- _Action item_: Copy out every record below exactly as written, but leave out any pictures.

- _Stored data_:
= Beginning of Section =

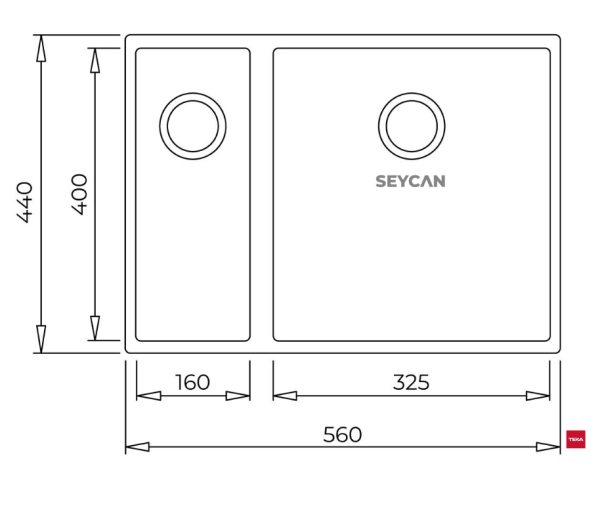 Teka Square 560 TG Siyah Tegranite Evye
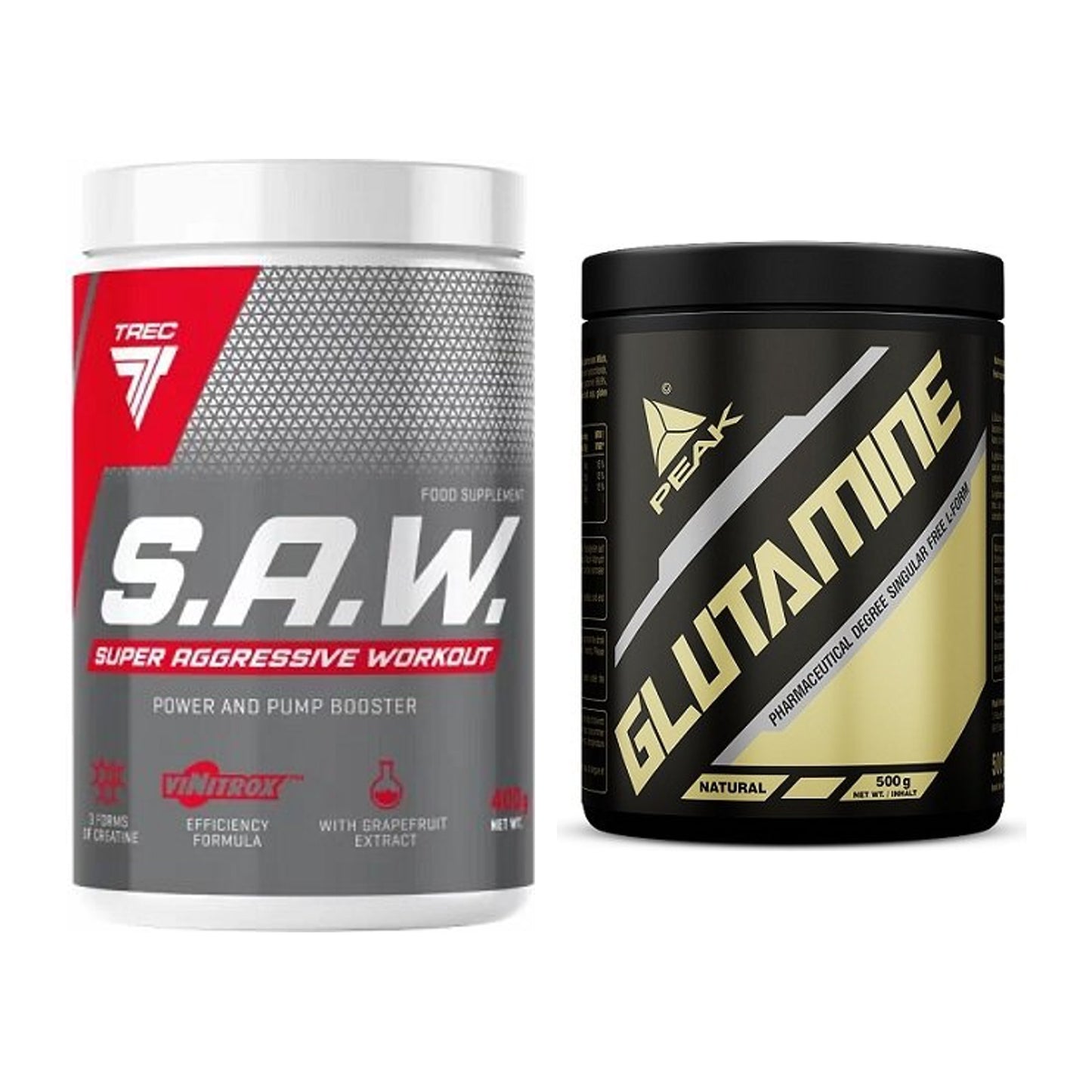 Trainings-Set: Trec Nutrition SAW Booster + Peak Glutamin – alle enthaltenen Artikel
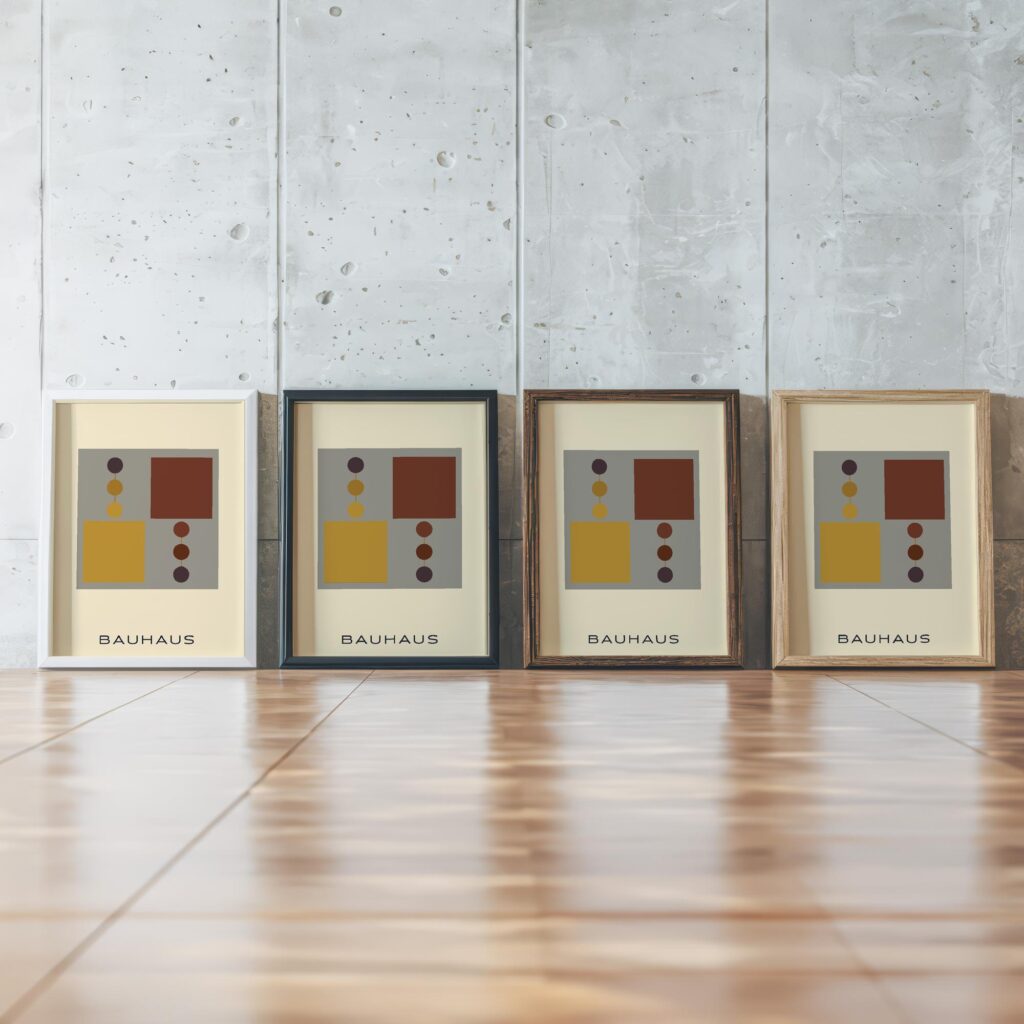 0157 bauhaus24 earth tones 3x4 framed posters mockup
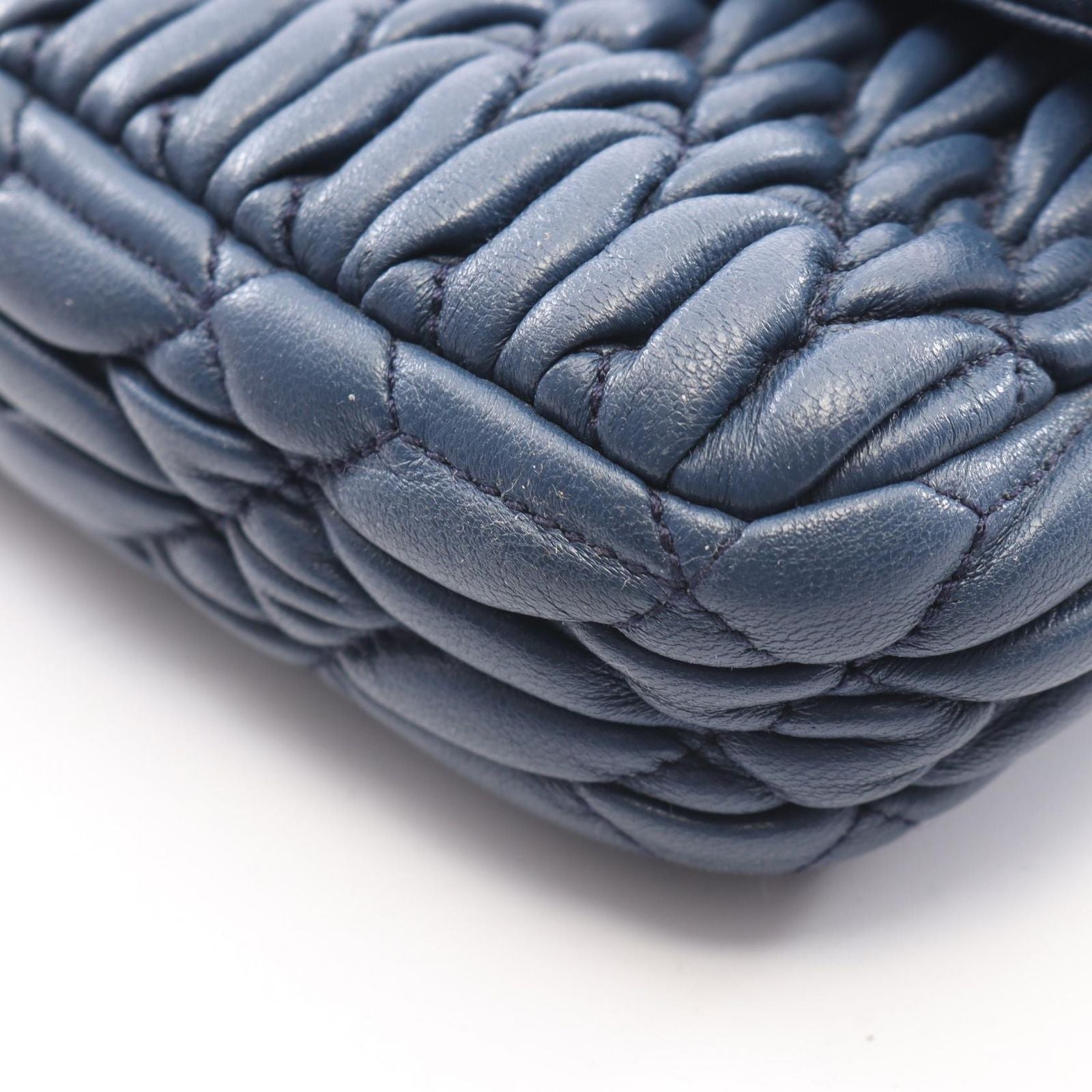 Miu Miu Shoulder Bag Nappa Crystal Matelasse 2-Way Navy Leather — view 8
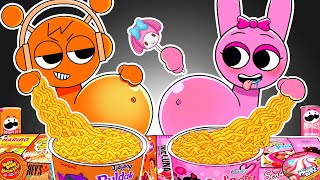 SPRUNKI Animation  Oren Prengnant amp Pinki Convenience Store Orange Food Incredibox ASMR Mukbang [upl. by Hollington]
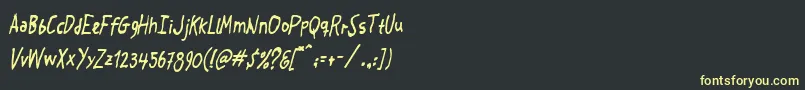 Fonte Crosspatchers – fontes amarelas em um fundo preto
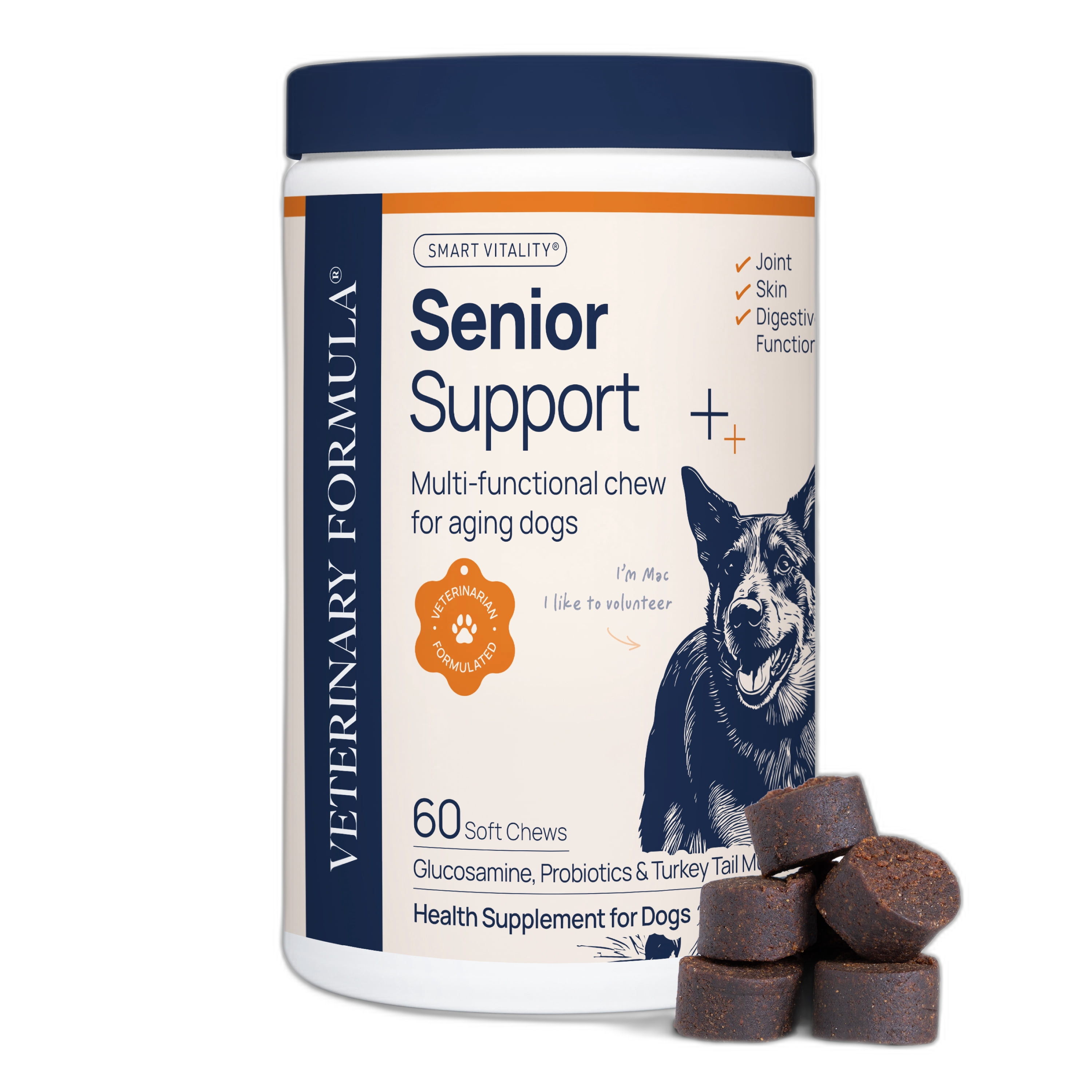 Veterinary Formula Smart Vitality Senior Support Pork Flavored Soft Chew Supplement for Senior Dogs senior pet supplement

= End of Section =

- _Written reply_:
 Teka Square 560 TG Siyah Tegranite Evye
 Trainings-Set: Trec Nutrition SAW Booster + Peak Glutamin – alle enthaltenen Artikel
 0157 bauhaus24 earth tones 3x4 framed posters mockup
 Miu Miu Shoulder Bag Nappa Crystal Matelasse 2-Way Navy Leather — view 8
 SPRUNKI Animation  Oren Prengnant amp Pinki Convenience Store Orange Food Incredibox ASMR Mukbang [upl. by Hollington]
 Fonte Crosspatchers – fontes amarelas em um fundo preto
 Veterinary Formula Smart Vitality Senior Support Pork Flavored Soft Chew Supplement for Senior Dogs senior pet supplement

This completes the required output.